Season 2 of “The Mandalorian” continues the story of Din and his small Yoda-like companion, The Child (later known officially as Grogu), as he looks to complete a quest to return the burgeoning Force wielder to the Jedi. As he seeks to reunite The Child with the ancient Order, he encounters other Mandalorians who are on a quest to retake Mandalore and right on their tail is the nefarious Grand Moff Gideon who is still bent on capturing Grogu for whatever it is he has planned for the Empire.
Let me start this review by saying power fantasies aren’t inherently bad to watch or read. They can be good, cathartic junk food for the soul and can also be compelling, artistic, or even deeply metaphorical in their own way. A movie series like “John Wick” for instance is a power fantasy that aims to reinvent the wheel in action film-making with Keanu Reeves performing perhaps the best gun kata of all-time onscreen. Another film like Paul Verhoueven’s “Total Recall” can satirize the power fantasy to show how ridiculous it is in concept.
So, making your hero an unstoppable killing machine isn’t necessarily always a bad thing if used properly.

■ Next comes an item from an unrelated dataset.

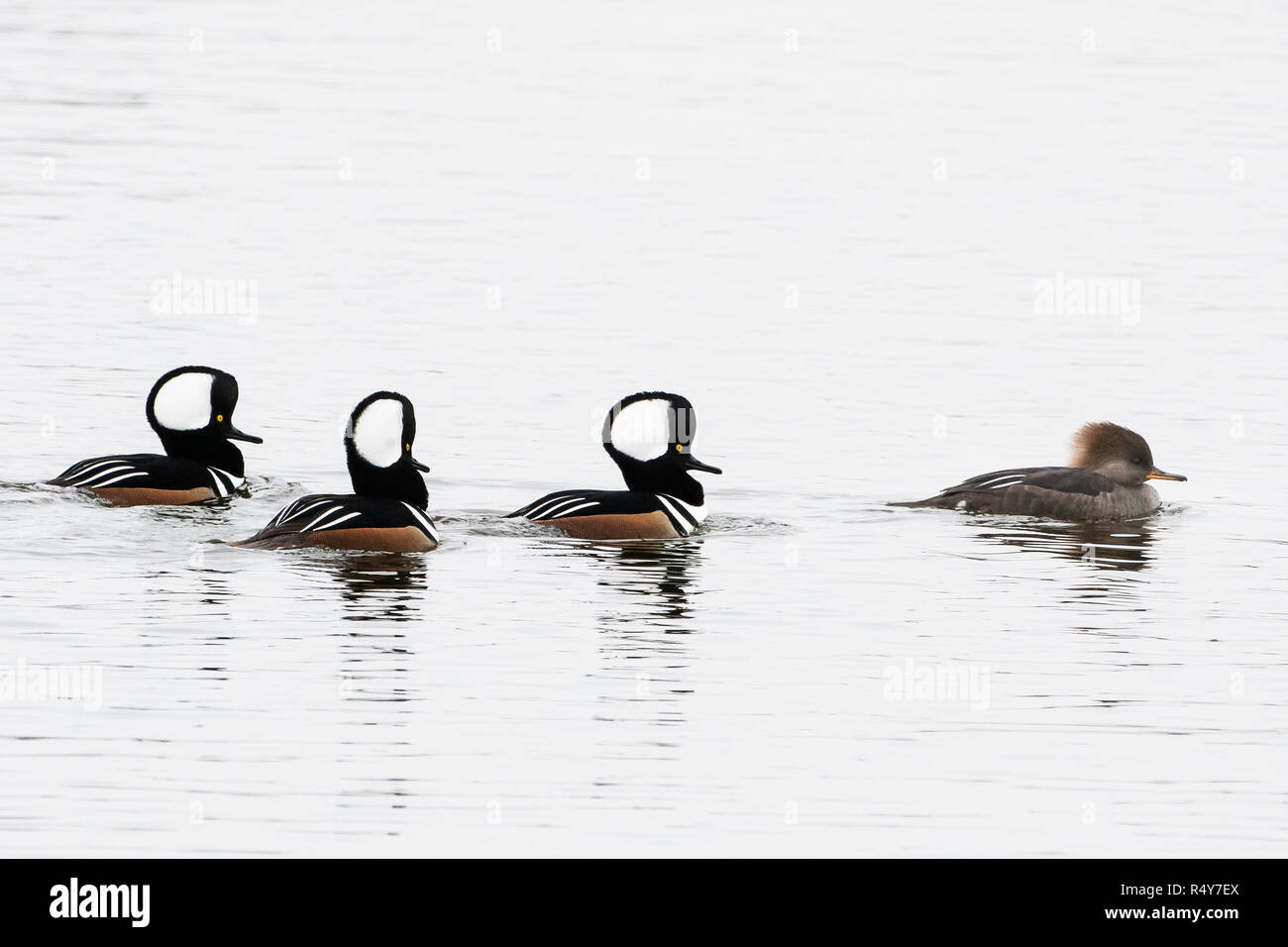 Three male hooded merganser swimming after female Stock Photo Alamy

Seriously, this is one of the smartest action films ever made. Don’t @ me.
Now that that’s established, however, “The Mandalorian” season 2, despite some strong moments here and there, is a power fantasy that lacks these elements for a more interesting narrative. If you believe killing dozens of stormtroopers onscreen while never suffering so much as a scratch for eight episodes equals compelling storytelling then boy does Disney have a series for you.
Through the first four-ish episodes, the new season is mostly just fine and even quite enjoyable. We have the Mando getting a fun side quest with Timothy Olyphant on Tatooine where they get to wrangle a sand worm in a callback to the Westerns that inspired much of the franchise’s aesthetic. The Mando gets to escort a frog lady to her home planet to give birth to some tadpoles and they run into some actual danger in this episode in the form of kyrnknas/space spiders. And we get the return of Bo Katan from Dave Filoni’s “Clone Wars” and “Rebels” cartoon series, with Katee Sackhoff herself reprising the role in a fun Mandalorian team-up episode.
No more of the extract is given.